Exercise requirements - Every line below must come back exactly as it stands, with the images omitted.

Data section -

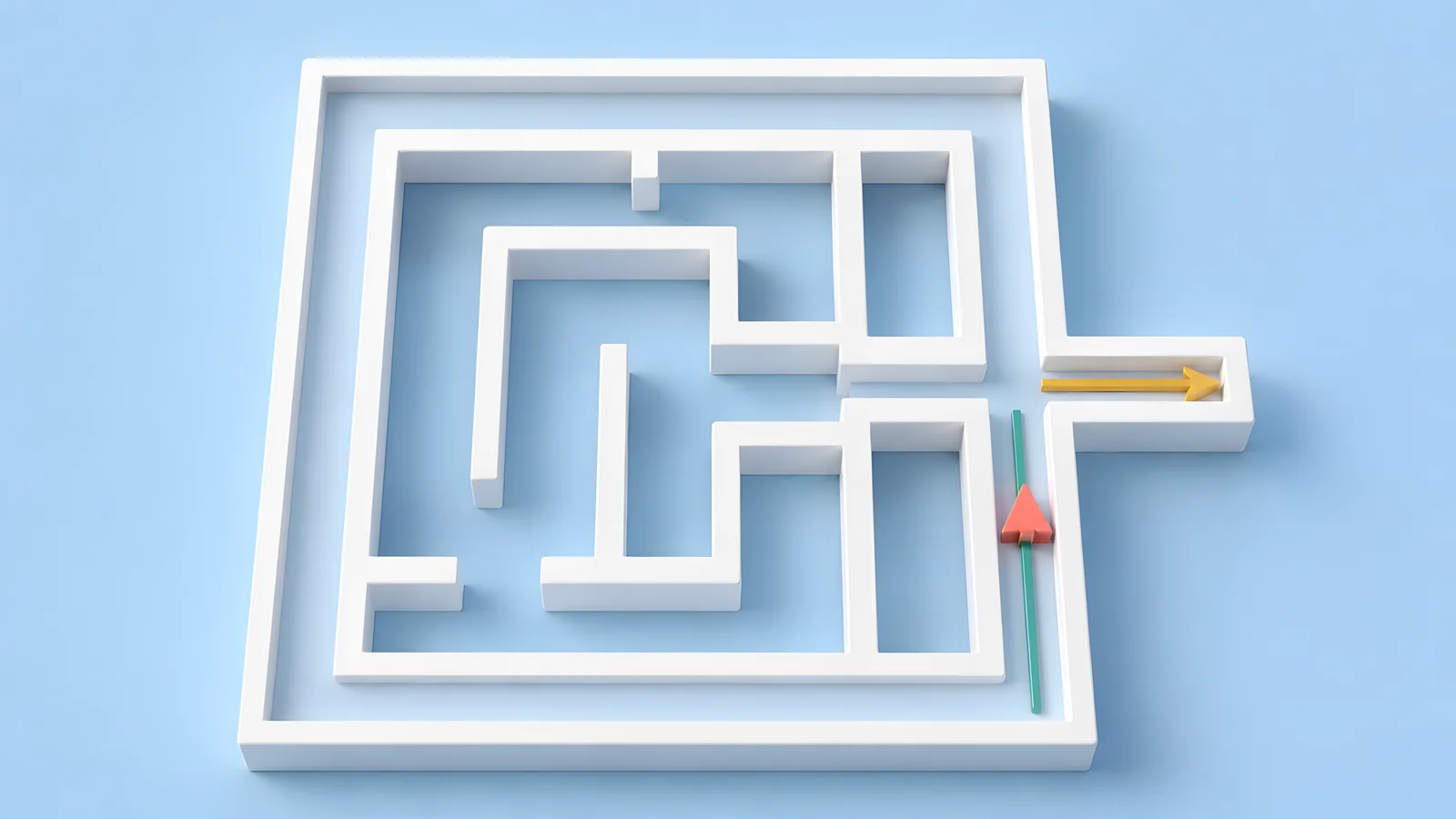 Return-visit concept with a north-facing token approaching an eastward goal branch.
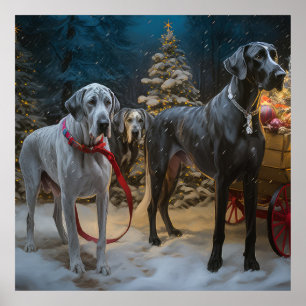 Poster Décor de Noël du grand Dane Snowy Sleigh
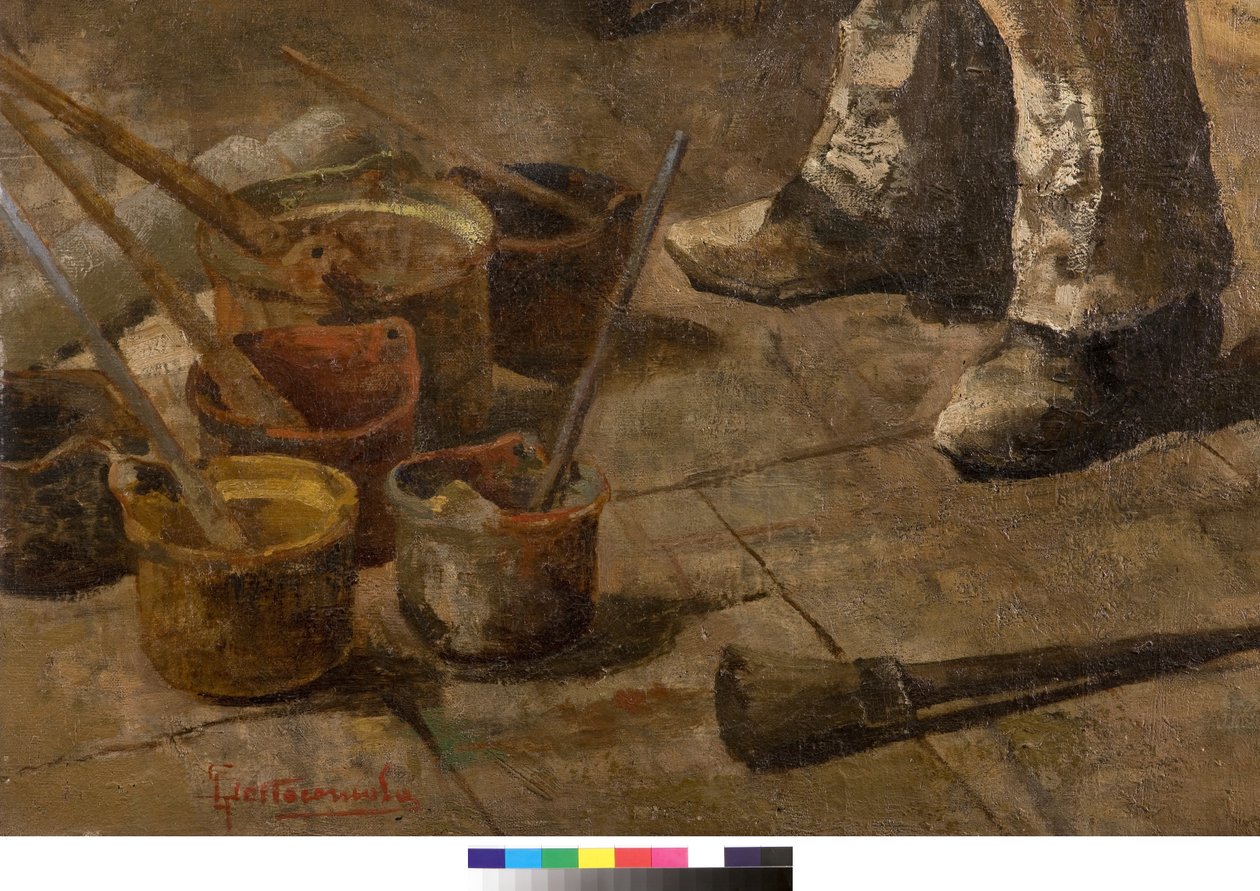 Jsem také malíř nebo Diletant nebo The painters studio, 1885 (detail 3497601) od Giovanni Sottocornola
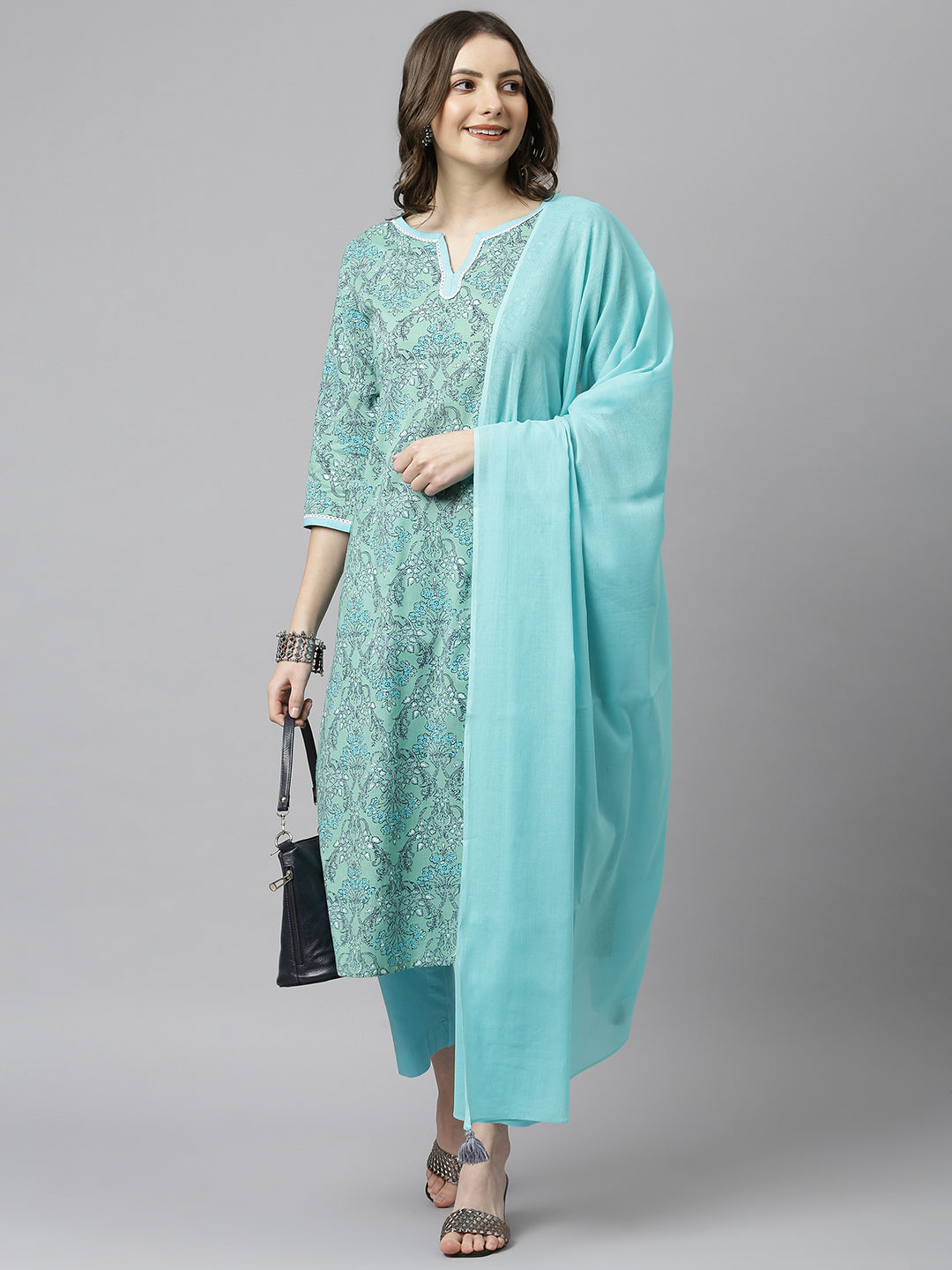 Janasya Women's Sea Green Cotton Floral Print Kurta With Pant And Dupatta | Grocsy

Output for this task -
 Return-visit concept with a north-facing token approaching an eastward goal branch.
 Poster Décor de Noël du grand Dane Snowy Sleigh
 Jsem také malíř nebo Diletant nebo The painters studio, 1885 (detail 3497601) od Giovanni Sottocornola
 Janasya Women's Sea Green Cotton Floral Print Kurta With Pant And Dupatta | Grocsy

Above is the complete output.